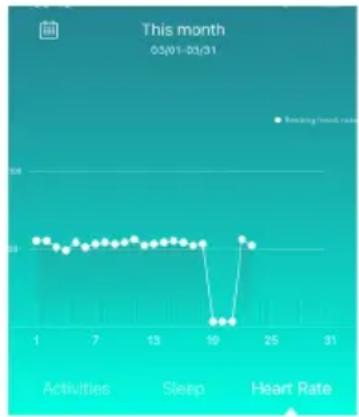 HAMA Fit Watch 4900 - Fréquence cardiaque - 1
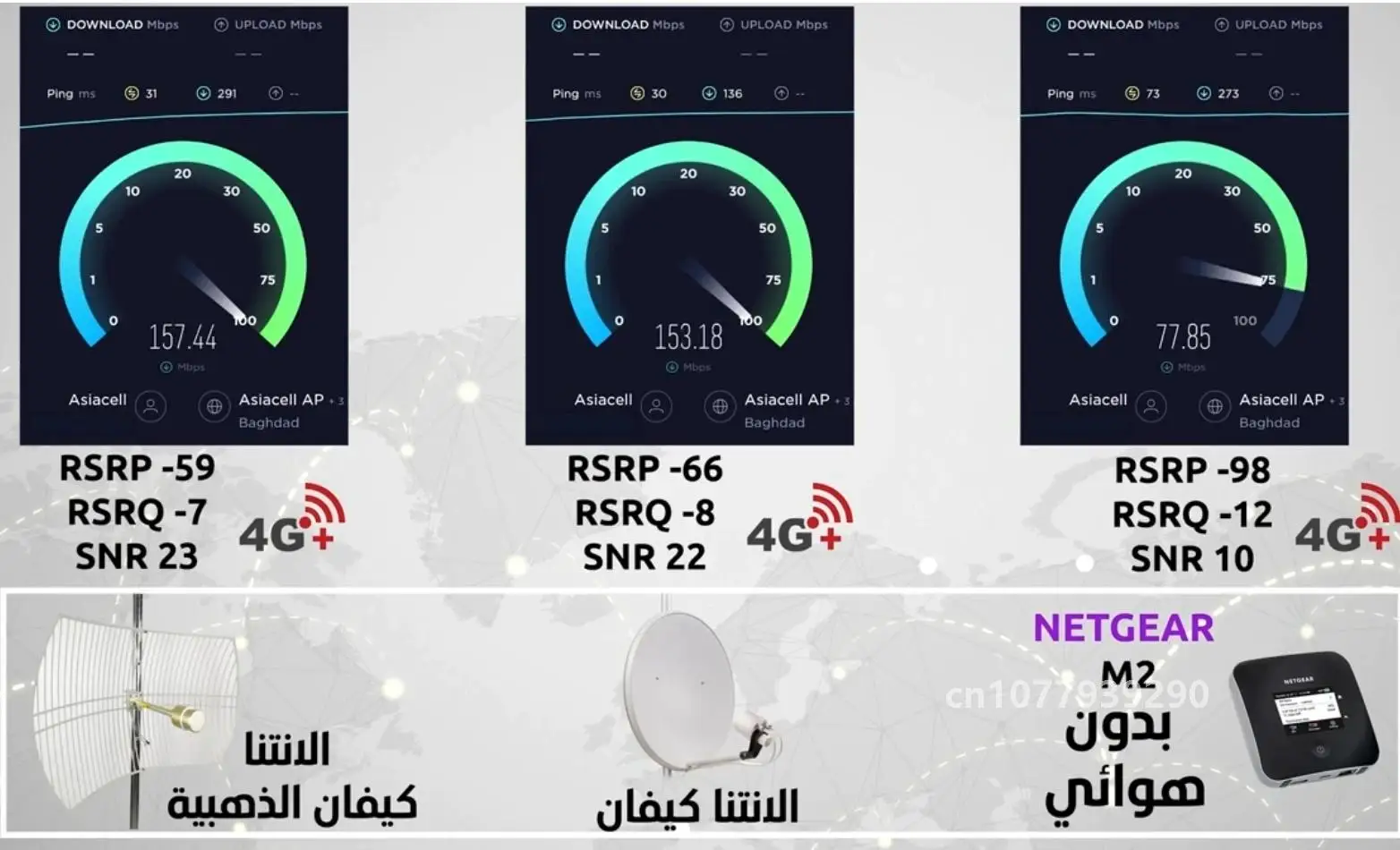 Saudi Arabia STC Zain Mobily-Ultra External Antenna, 5G, 4G, 1700-3800MHz, Outdoor Mimo Feeder, 2X30dBi, Long Distance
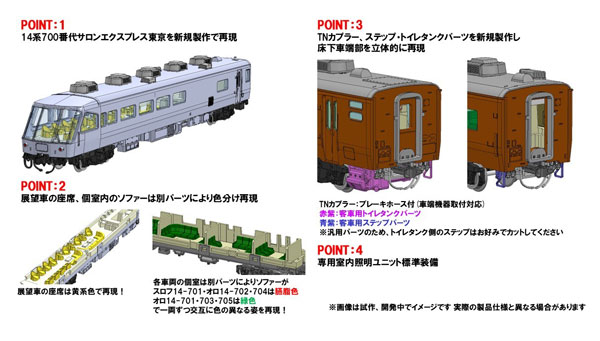 97642 JR 14 700系客車サロンエクスプレス東京セット[TOMIX]【送料無料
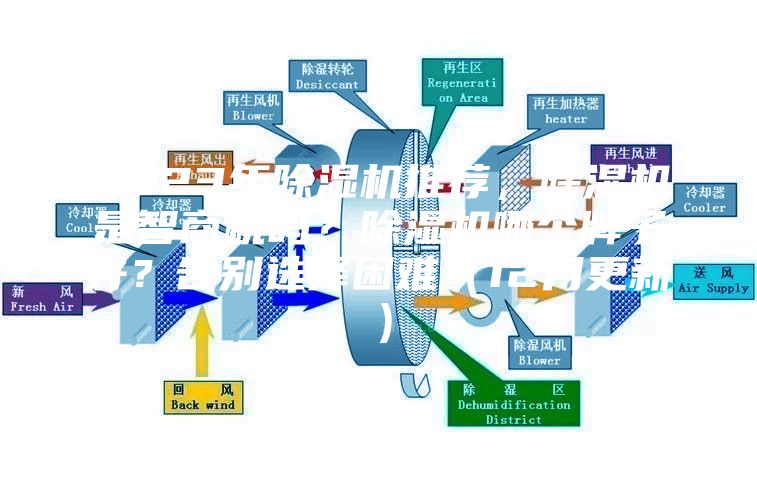 2023年除濕機推薦，除濕機是智商稅嗎？除濕機哪個牌子好？告別選擇困難（12月更新）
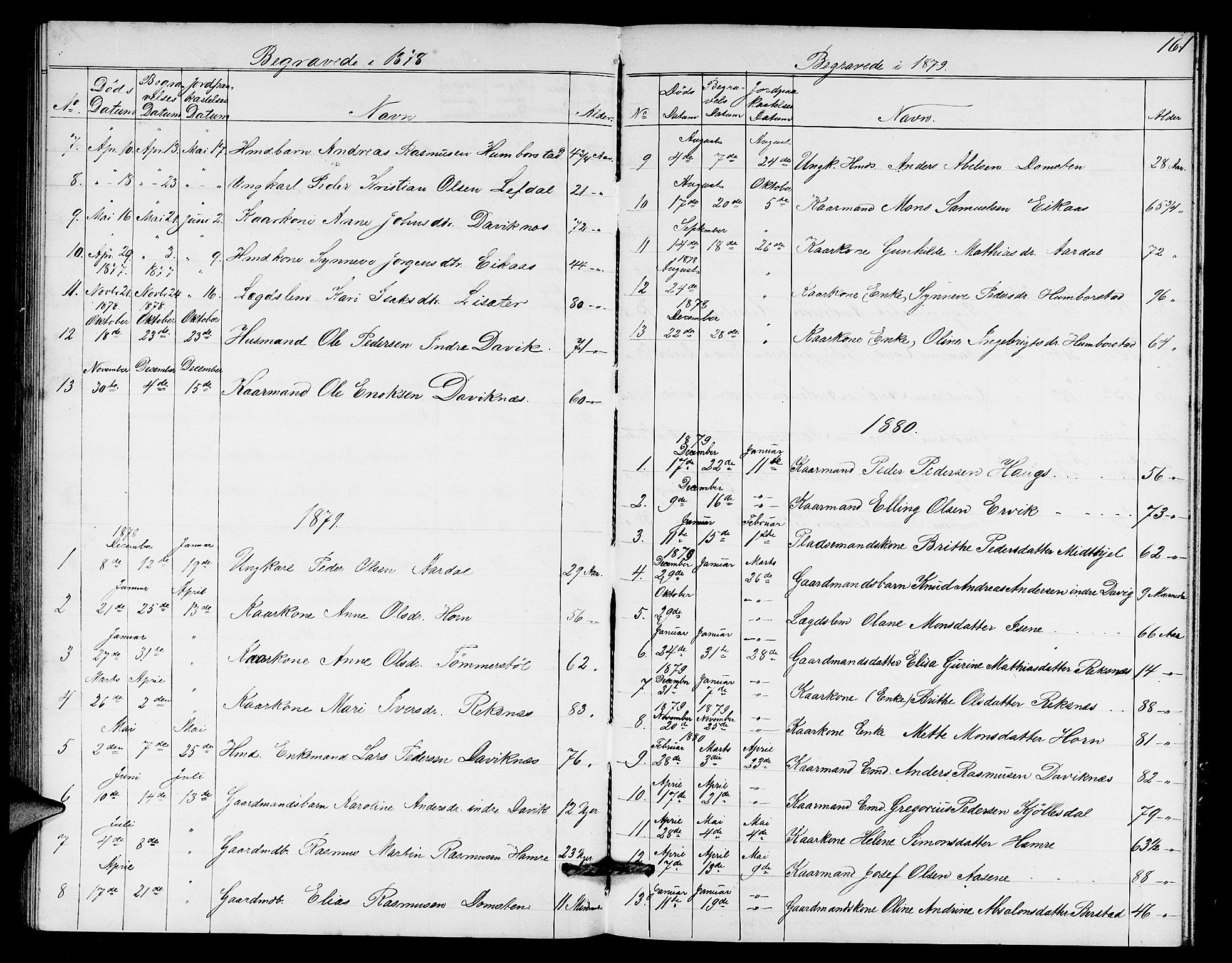 Davik sokneprestembete, AV/SAB-A-79701/H/Hab/Haba/L0001: Parish register (copy) no. A 1, 1866-1889, p. 161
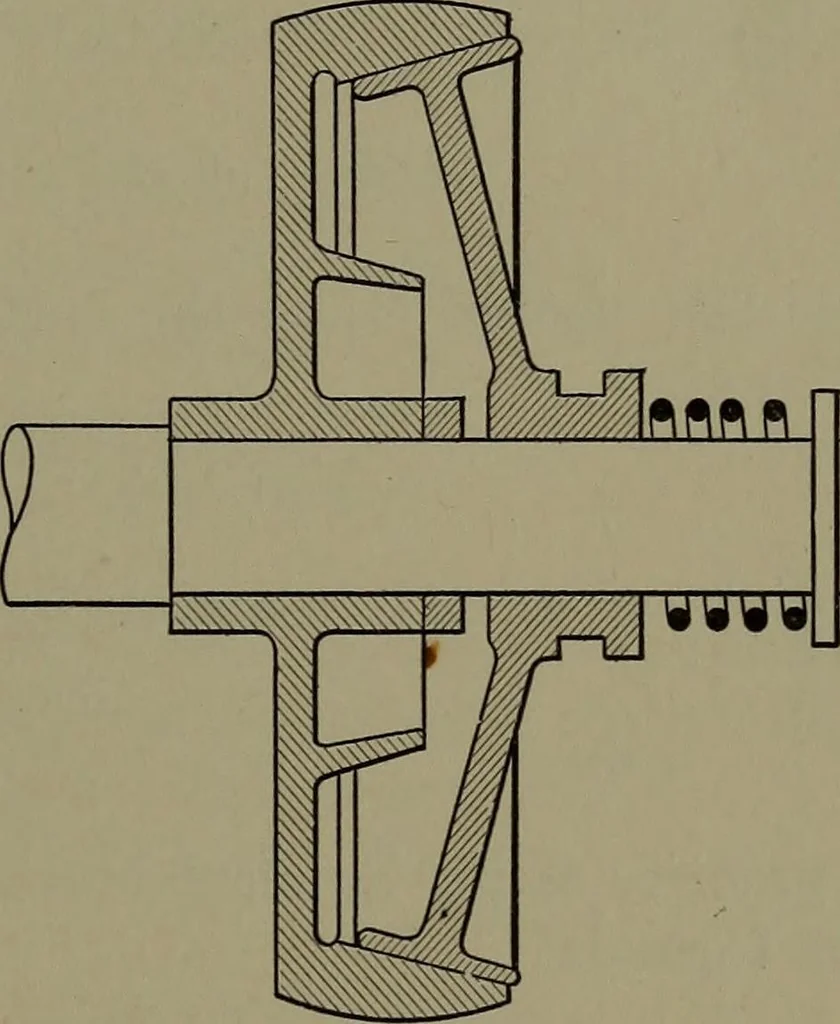An illustration from Machine design, 1913, leaf 196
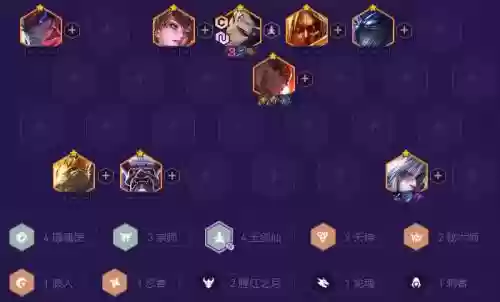 3.4阵容推荐插图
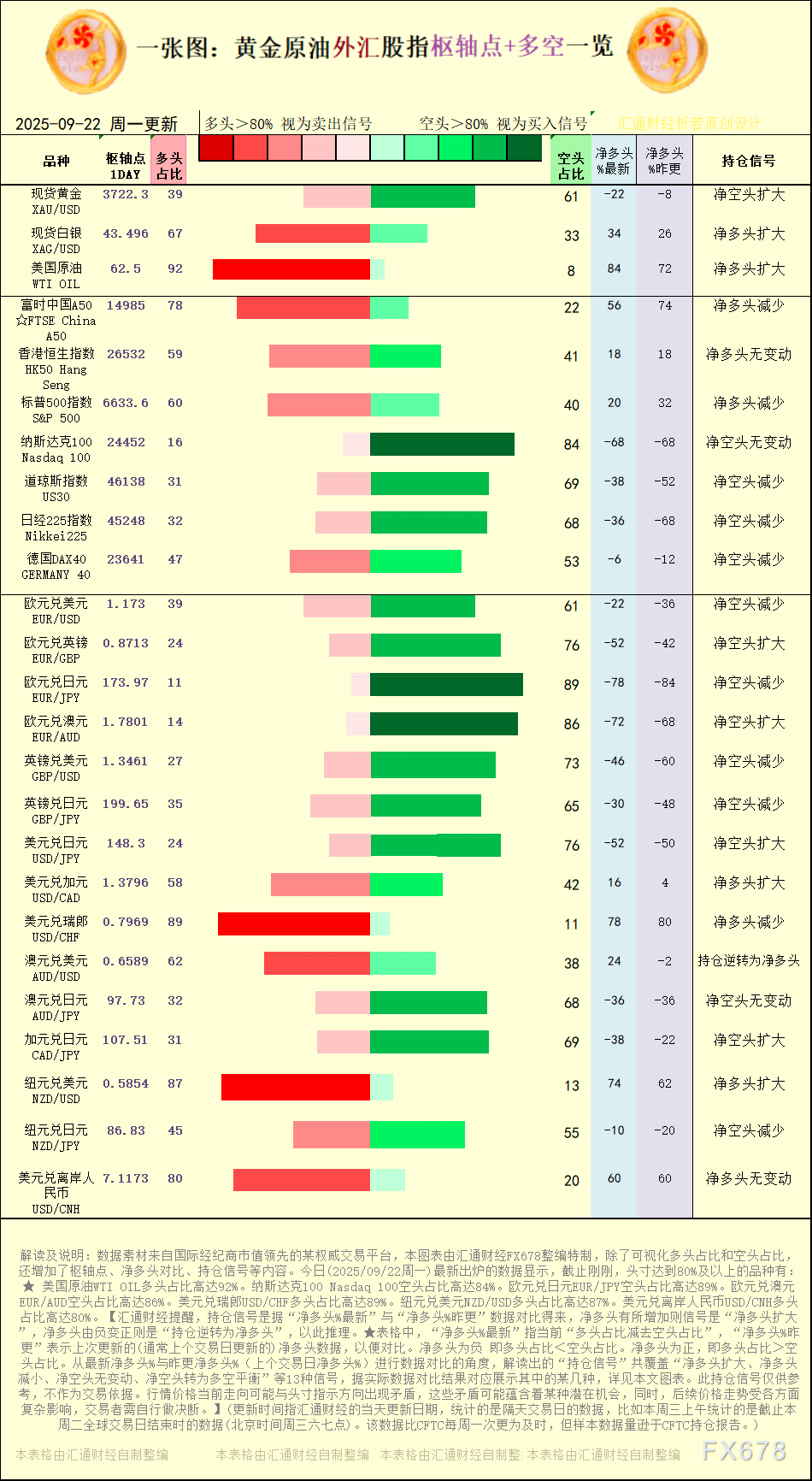 一张图：2025年9月22日黄金原油外汇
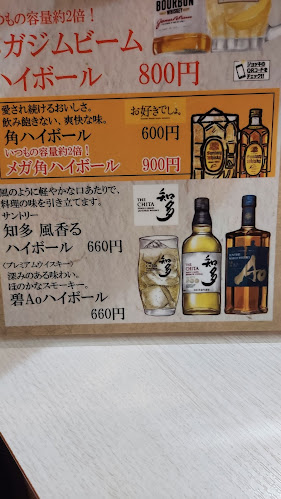 國枝鮮魚店銀座通店 - 飲食業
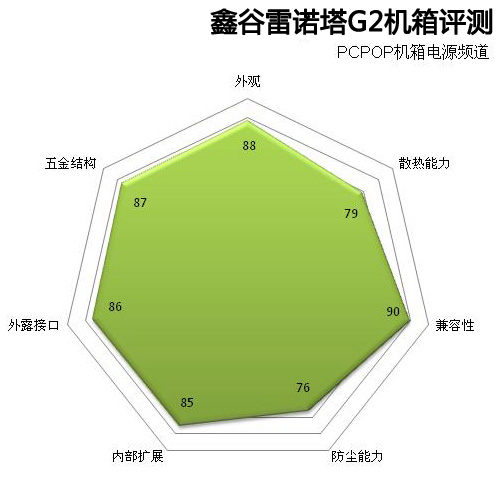 雷诺塔G2机箱评测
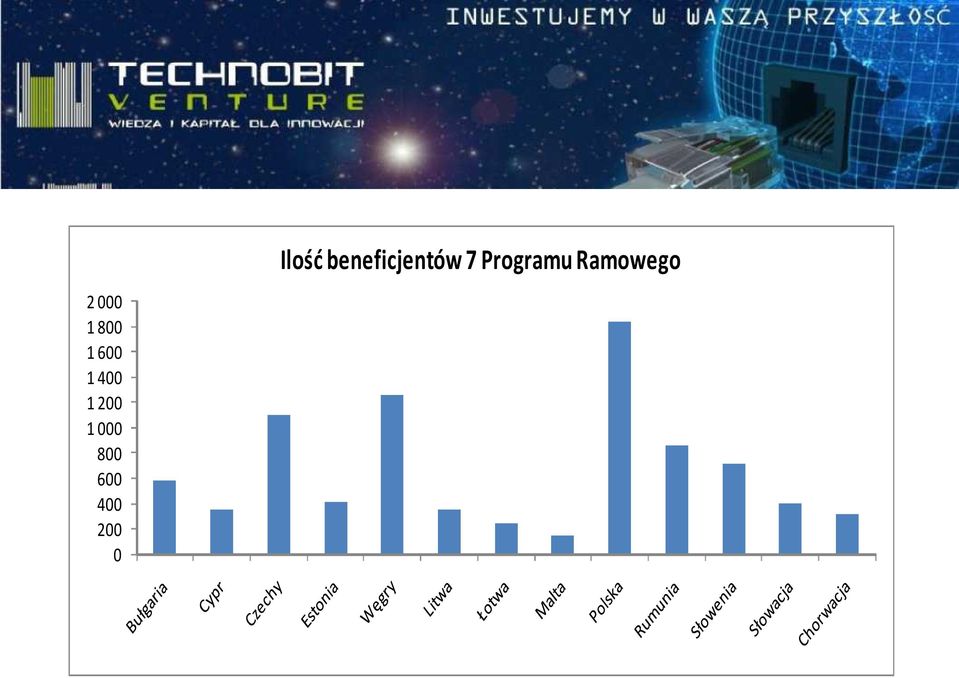 200 0 Ilość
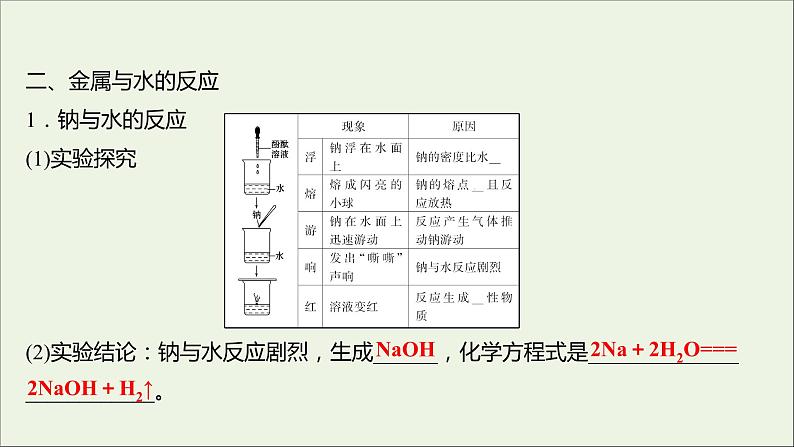 高中化学第三章金属及其他化合物第一节第2课时金属与酸和水的反应铝与氢氧化钠溶液的反应课件新人教版必修1第5页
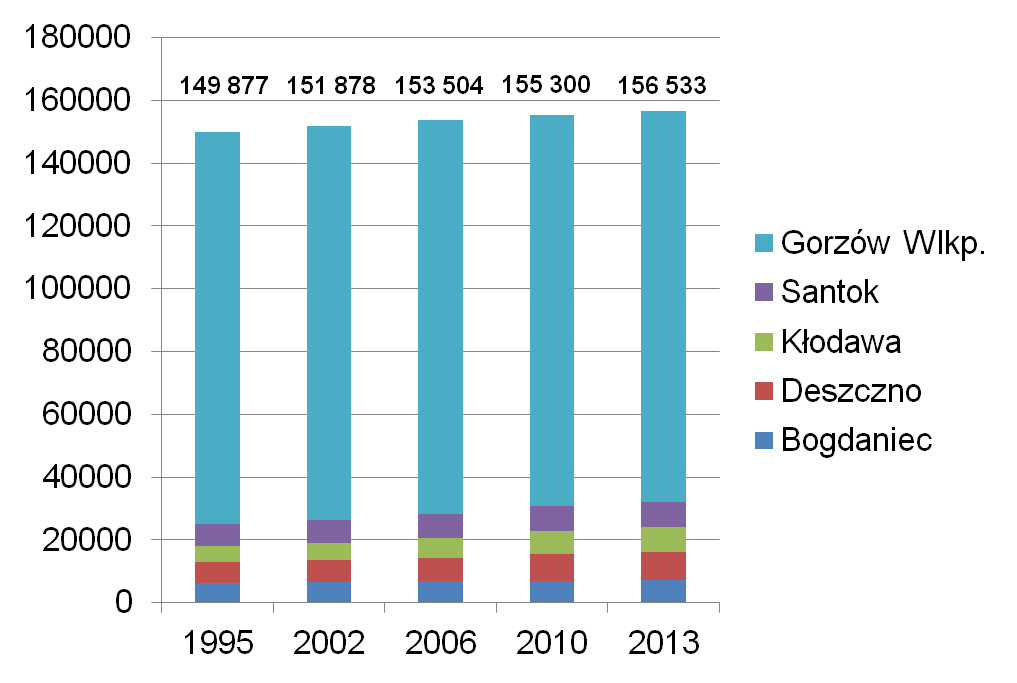 Czy może jest nas więcej (razem)? Znacznie korzystniej wyglądają dane demograficzne, kiedy spojrzymy na cały Miejski Obszar Żunkcjonalny żorzowa Wlkp.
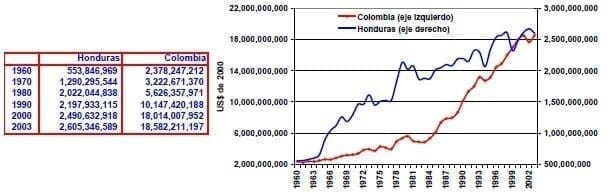 Exportaciones de bienes y servicios Honduras Colombia
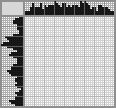 Japanese crossword «Yak» Japanese crossword «Yak»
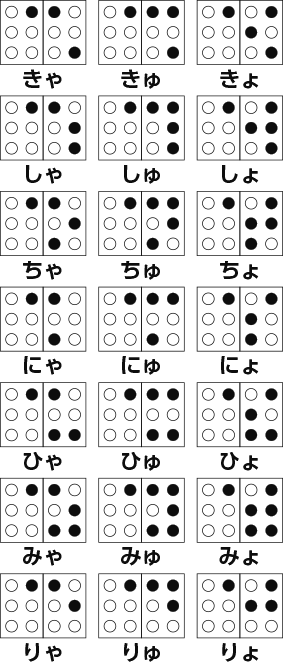 点字・拗音一覧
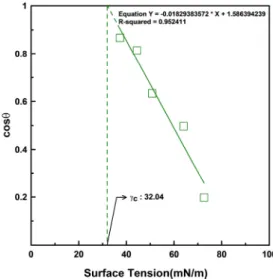 Fig. 9. Zisman plot for sphalerite.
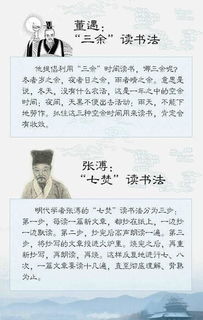 詩句,方法,讀書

========================================================================

[Work task]
When you restate the listing, keep every word as it is and drop the pictures.

[Completed exercise]
 HAMA Fit Watch 4900 - Fréquence cardiaque - 1
 Saudi Arabia STC Zain Mobily-Ultra External Antenna, 5G, 4G, 1700-3800MHz, Outdoor Mimo Feeder, 2X30dBi, Long Distance
 97642 JR 14 700系客車サロンエクスプレス東京セット[TOMIX]【送料無料
 2023年除濕機推薦，除濕機是智商稅嗎？除濕機哪個牌子好？告別選擇困難（12月更新）
 Davik sokneprestembete, AV/SAB-A-79701/H/Hab/Haba/L0001: Parish register (copy) no. A 1, 1866-1889, p. 161
An illustration from Machine design, 1913, leaf 196
 3.4阵容推荐插图
 一张图：2025年9月22日黄金原油外汇
 國枝鮮魚店銀座通店 - 飲食業
 雷诺塔G2机箱评测
 200 0 Ilość
 高中化学第三章金属及其他化合物第一节第2课时金属与酸和水的反应铝与氢氧化钠溶液的反应课件新人教版必修1第5页
 Czy może jest nas więcej (razem)? Znacznie korzystniej wyglądają dane demograficzne, kiedy spojrzymy na cały Miejski Obszar Żunkcjonalny żorzowa Wlkp.
 Exportaciones de bienes y servicios Honduras Colombia
 Japanese crossword «Yak» Japanese crossword «Yak»
 点字・拗音一覧
 Fig. 9. Zisman plot for sphalerite.
 詩句,方法,讀書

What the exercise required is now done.